A career Justice Department lawyer has resigned after the Obama administration defied a subpoena from the U.S. Commission on Civil Rights.  The Commission is investigating the Administration’s politically-motivated dismissal of a voter intimidation lawsuit against members of the racist, anti-semitic New Black Panther Party.  Career justice department lawyers brought and won the lawsuit, which was then dismissed by political appointees in the Justice Department, so that they could snatch defeat from the jaws of victory.

Members of the New Black Panther Party, one of whom was an Obama campaign poll watcher and local Democratic official, used nightsticks and racial epithets to drive white voters away from the polls in a Philadelphia precinct. But the Obama administration killed a successful lawsuit against them, dismissing it after career Justice Department lawyers had already obtained a default judgment against the defendants  (As a result of the dismissal, the only consequence for the defendants was a temporary injunction telling just one of the three defendants not to repeat his crimes in Philadelphia for a short period of time.)  The New Black Panther Party, which attacks what it refers to as “bloodsucking Jews,” is recognized as a racist, anti-semitic hate group even by liberal civil-rights groups like the Southern Poverty Law Center.

After the case was dismissed, the Civil Rights Commission began investigating the Obama administration’s actions.  The administration ordered the career attorneys who had worked on the lawsuit to remain silent and not comply with the Commission’s investigation (contrary to federal law, which mandates that “all Federal agencies shall cooperate fully with the Commission“), and refused either to comply with the Commission’s subpoenas, or to bring a motion to quash the subpoena (which is the appropriate step to take if a subpoena is somehow invalid).  This left the subpoena and one of the career lawyers “in limbo” and in apparent violation of the law, forcing him to run up thousands of dollars in legal bills.  (The other lawyer was transferred to the civil-service equivalent of Siberia to take him “out of reach of the subpoena power of the Civil Rights Commission.”)
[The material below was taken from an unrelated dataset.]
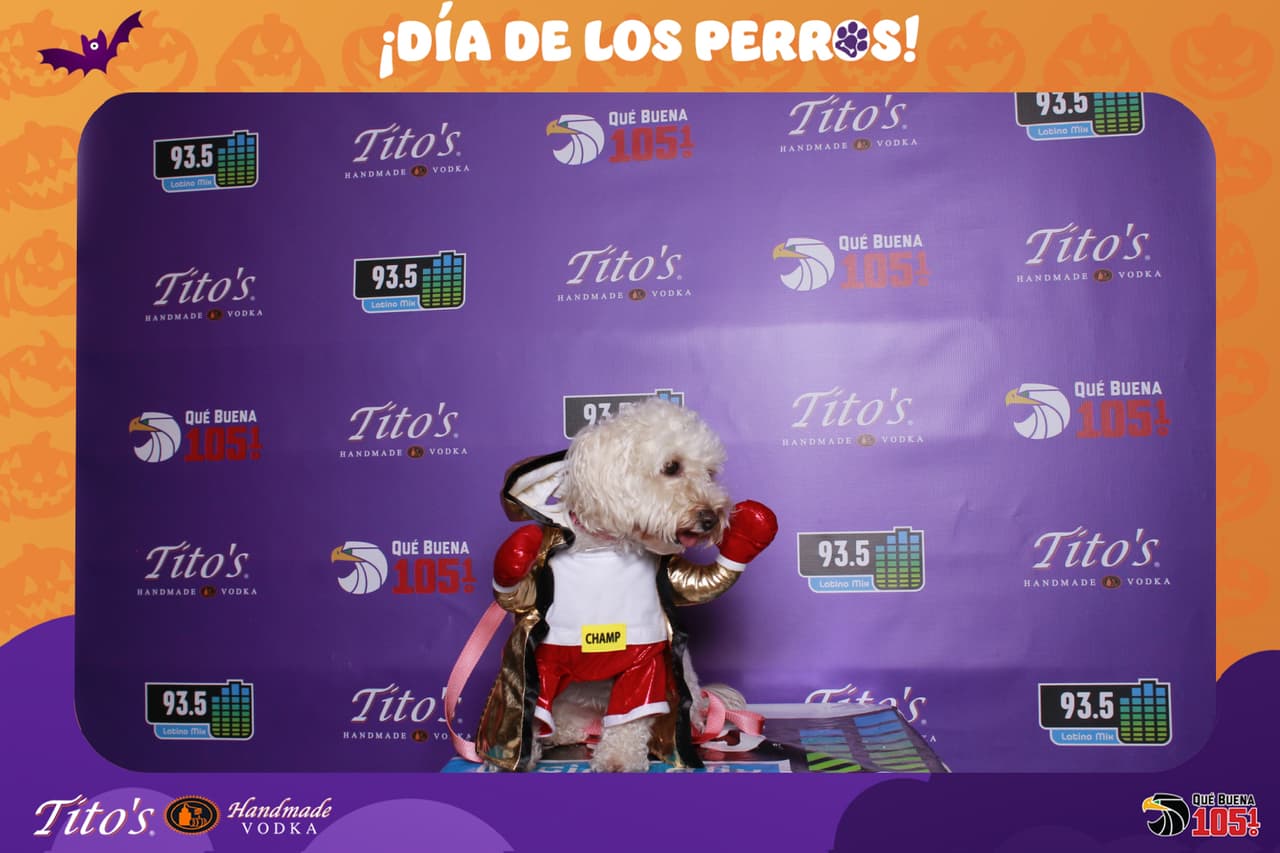 Cual fue tu favorito?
Justice Department attorney J. Christian Adams, who helped bring the lawsuit, “resigned in obvious disgust” at its dismissal and the administration’s stonewalling.  The other career lawyer most responsible for bringing the voter intimidation case, former Voting Rights Section Chief Christopher Coates, has a liberal pedigree: he was formerly with the “Voting Rights Project of the American Civil Liberties Union.”  Yet both Coates and Adams have been depicted as “right-wing activists” by “liberal media outlets” and unnamed Obama administration officials–apparently because those officials “don’t believe the voting rights laws should ever be enforced against blacks and other minorities.”

(The idea that the civil rights laws do not protect whites or apply to minorities was rejected by a unanimous Supreme Court ruling in 1976, in an opinion authored by the black justice and civil-rights icon Thurgood Marshall.  See McDonald v. Santa Fe Trail Transportation Co. There are limited to exceptions to bans on race discrimination for affirmative action, but they do not apply to voting, as the Supreme Court made clear in its 7-to-2 ruling in Rice v. Cayetano (2000).  In his 2008 campaign, Obama promised “change,” and apparently that change includes a departure from basic legal norms that even liberal judges like Thurgood Marshall, and liberal lawyers like Christian Adams and Christopher Coates took for granted.  If you want to work in the Obama Justice Department, you had better disagree with the Supreme Court.)

Career lawyers pursued the case for months, including obtaining an affidavit from a prominent 1960s civil rights activist who witnessed the confrontation and described it as ‘the most blatant form of voter intimidation’ that he had seen, even during the voting rights crisis in Mississippi a half-century ago.” But Obama’s political appointees at the Justice Department overruled them, dropping the case after victory was already assured because “the court had already entered a default judgment against the” Black Panthers. Thanks to that outrageous decision, the only result of the case was a meaningless injunction telling one of the three defendants not to commit such crimes again (and telling him not to commit such crimes only until 2012, and not barring him from committing such crimes in his home city, but rather barring such crimes only in Philadelphia).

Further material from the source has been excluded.